Task statement. Pictures aside, copy exactly each line from the one that holds "Bagatelle Collection Plaid" through the last line of the records below.

___ Material provided ___

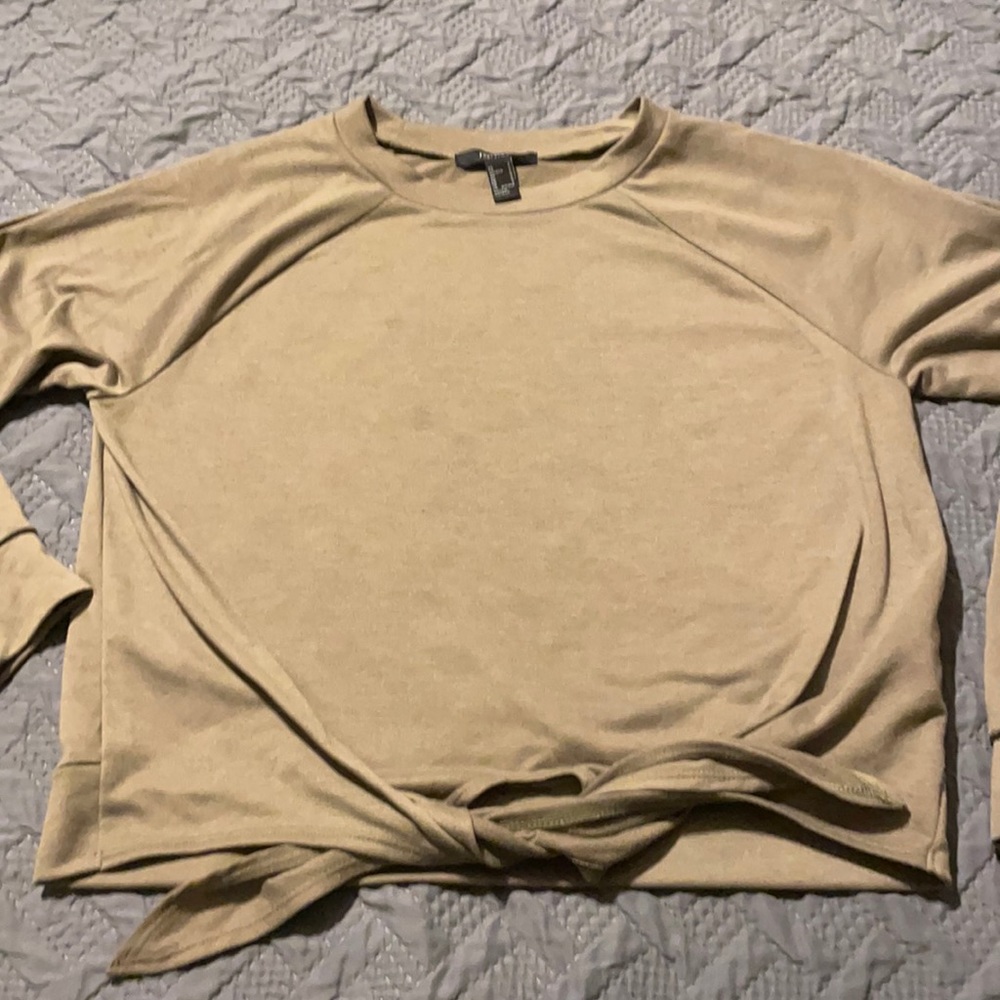 Olive Green Casual Top with bottom tie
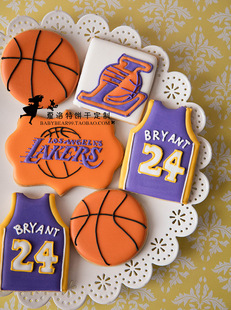 NBA篮球湖人科比火箭男朋友生日圣诞礼物翻糖糖霜饼干定制
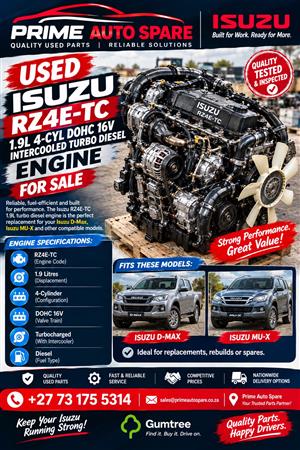 Used Toyota 1HD-FT 4.2L 24V Turbo Diesel Engine For Sale.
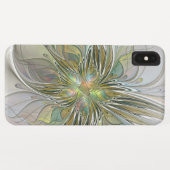 Blumenfantasie Modernes Fraktal Blume mit Gold Case-Mate iPhone Hülle (Rückseite (Horizontal))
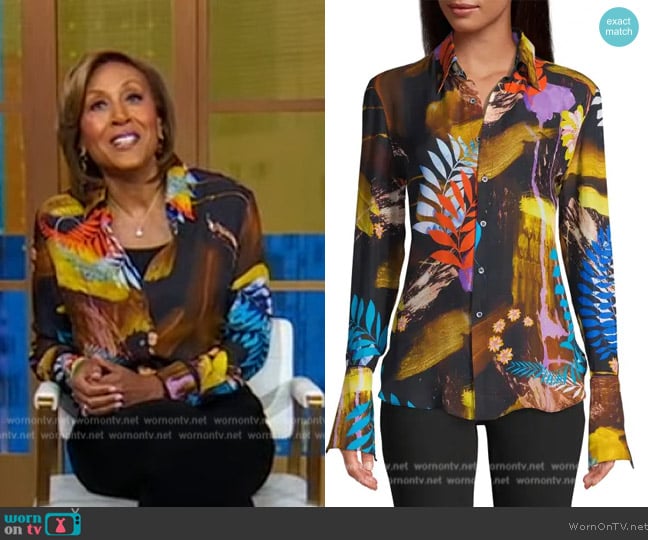 Robert Graham Gabriela Abstract Floral Print Flare-Sleeve Shirt worn by Robin Roberts on Good Morning America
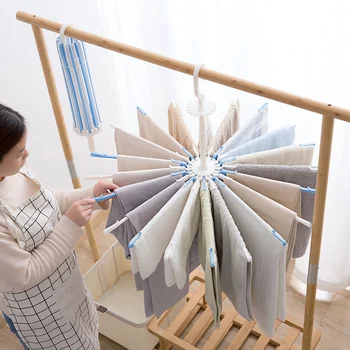 

20 Clips Umbrella Shape Drying Rack Windproof Kids Towel/Socks/Underwears/Tie Hangers Foldable Rotating Clothes Organizer Racks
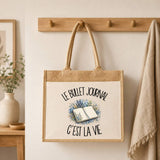 Sac Cabas Jute avec Poche Le bullet journal c'est la vie
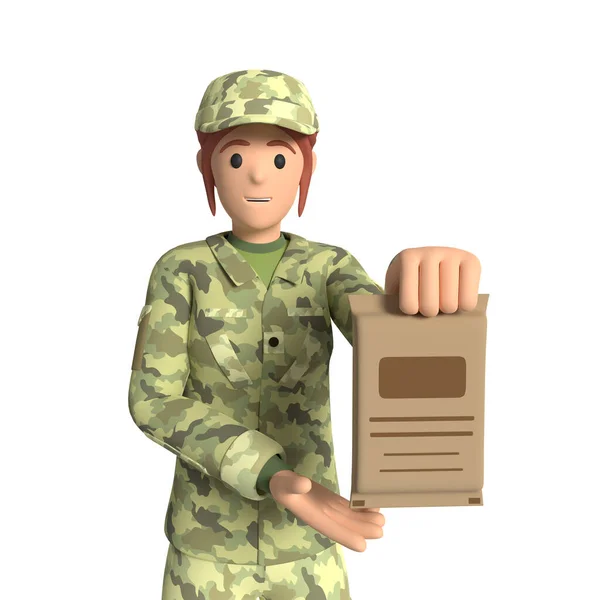 Жінка Військовій Формі Тримає Пакет Індивідуальним Раціоном Військових Візуалізація — стокове фото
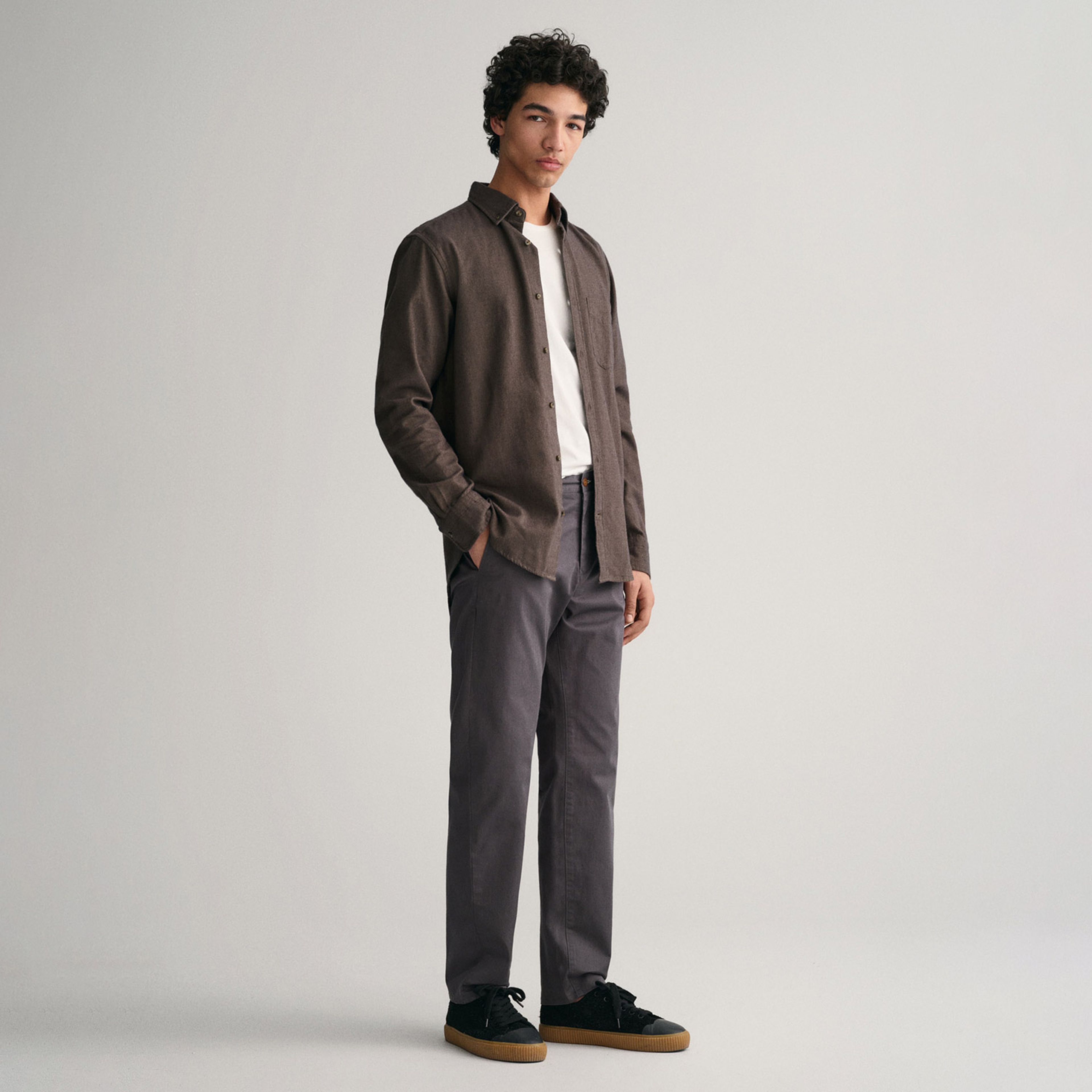 GANT Erkek Kahverengi Regular Fit Düğmeli Yaka Gömlek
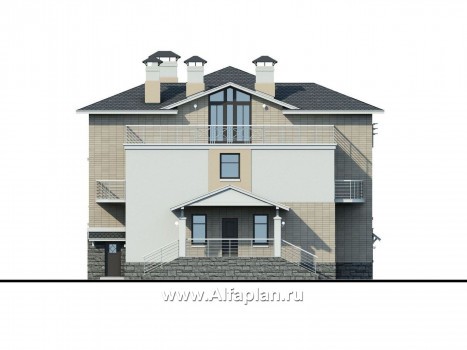 Проекты домов Альфаплан - 77A-S+287B-S - превью фасада №3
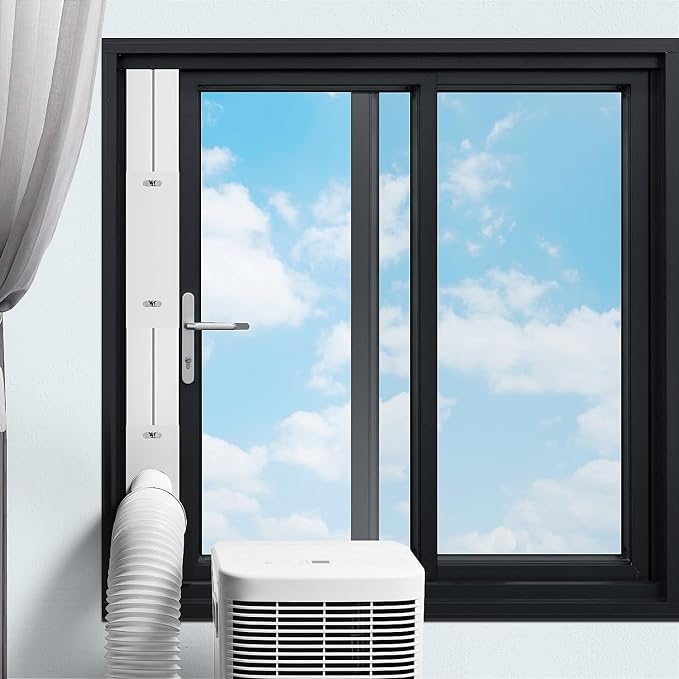 Portable Air Conditioner Window Kit with Coupler Adjustable Window Seal for AC Unit, Sliding AC Vent Kit for 5 inches Exhaust
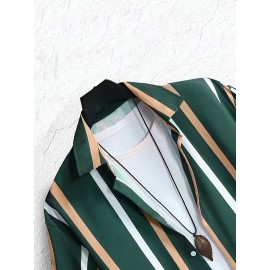 Men's Stripe Turndown Collar Short Sleeve Shirt, Trendy Comfy Shirt For Summer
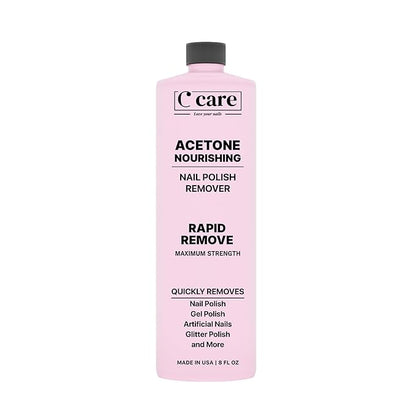 Nourishing Acetone Nail Polish Remover | Professional Quality | Rapidly Removes Natural, Natural, Gel, Acrylic, and Glitter Nails | 8 Fl oz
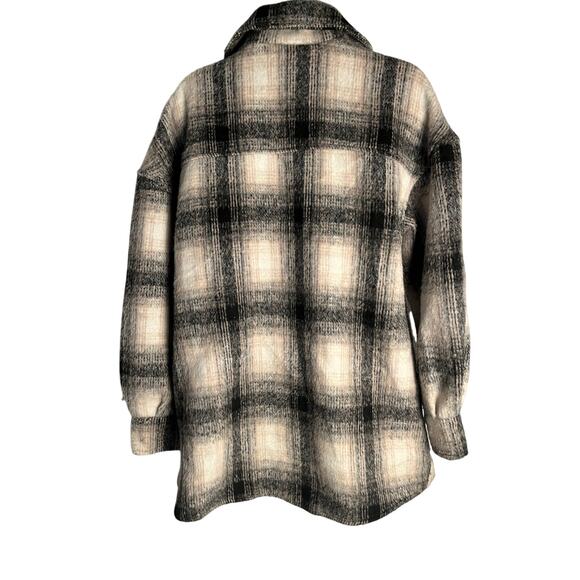 Bagatelle Collection Plaid Shacket Coat Beige Black Button Up Women’s Small - Picture 3 of 5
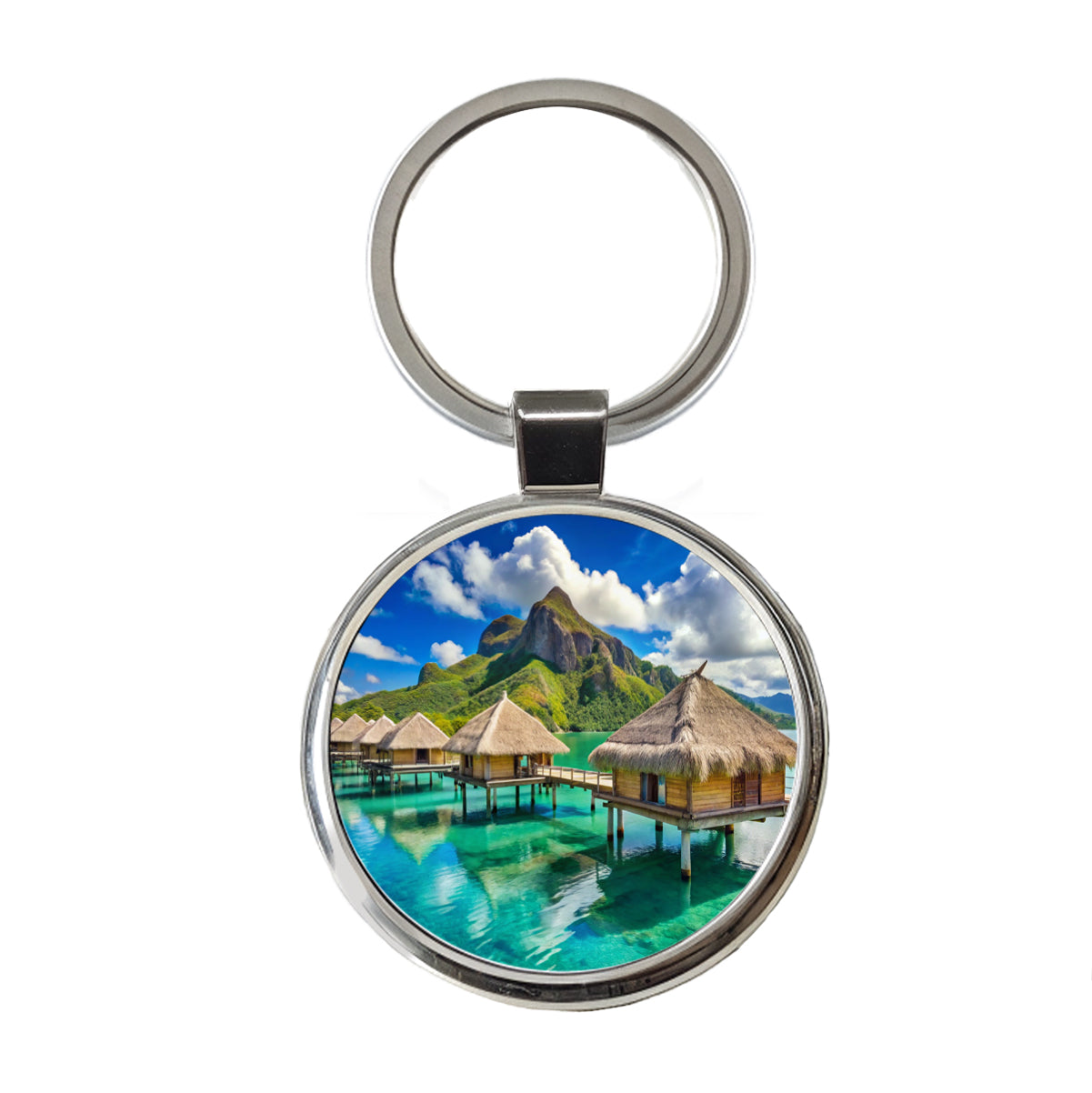Bora Bora Huts On Water French Polynesia Round Metal Keychain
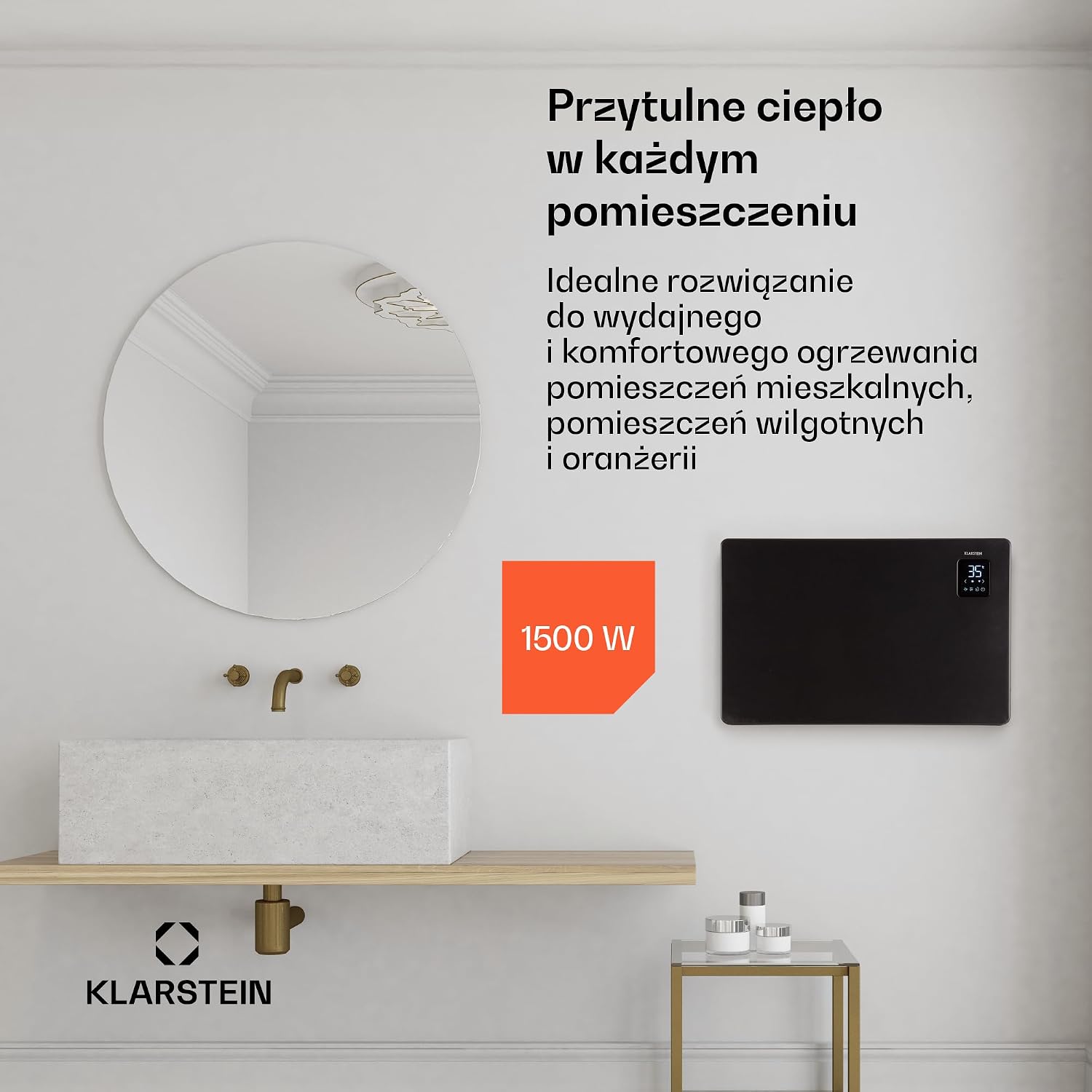 Detalle de Klarstein konwektor elektryczny 1500 W, sterowanie aplikacją i montaż na ścianie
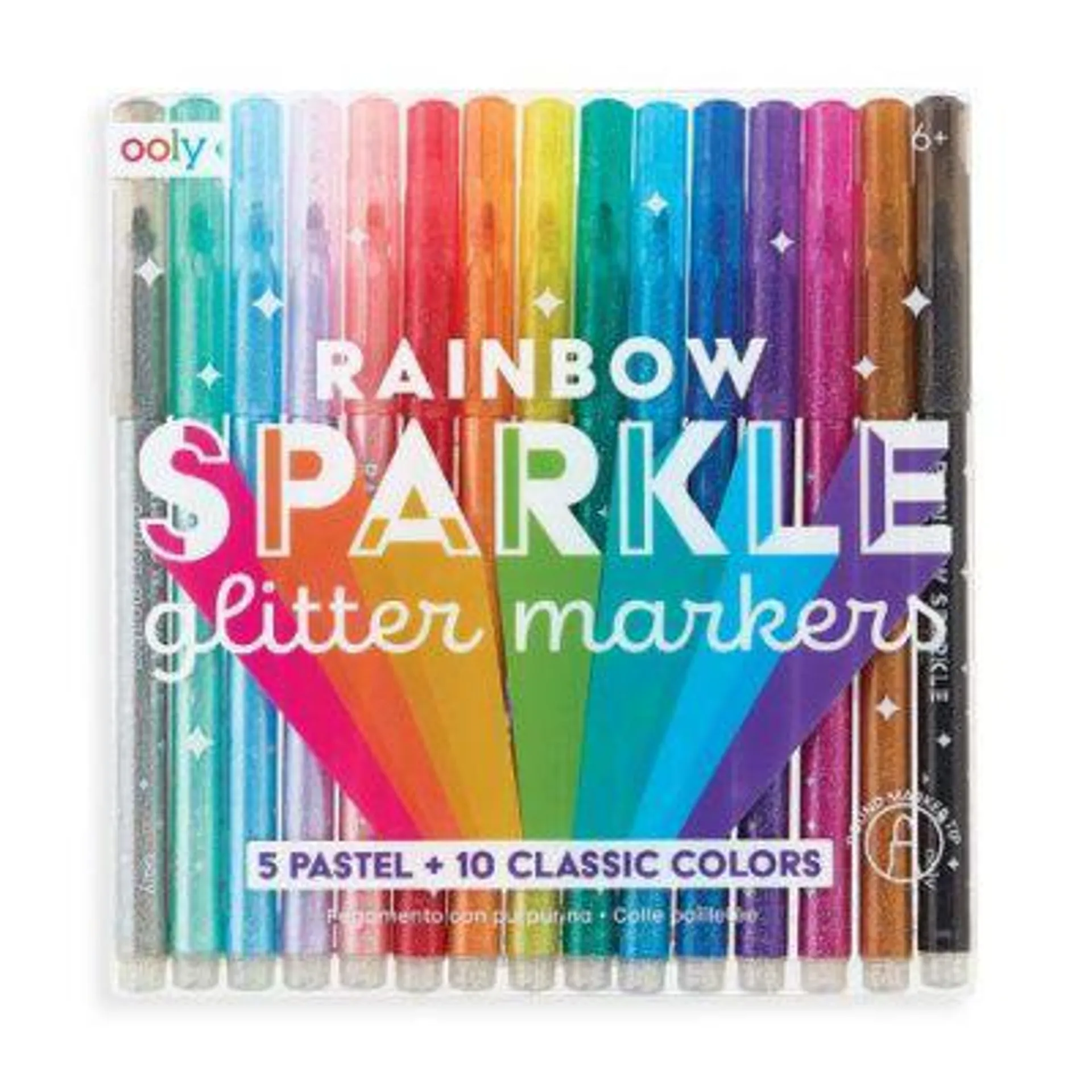 Rainbow Sparkle Glitter Markers X15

___

Written answer.
 Bagatelle Collection Plaid Shacket Coat Beige Black Button Up Women’s Small - Picture 3 of 5
Bora Bora Huts On Water French Polynesia Round Metal Keychain
 Detalle de Klarstein konwektor elektryczny 1500 W, sterowanie aplikacją i montaż na ścianie
 Rainbow Sparkle Glitter Markers X15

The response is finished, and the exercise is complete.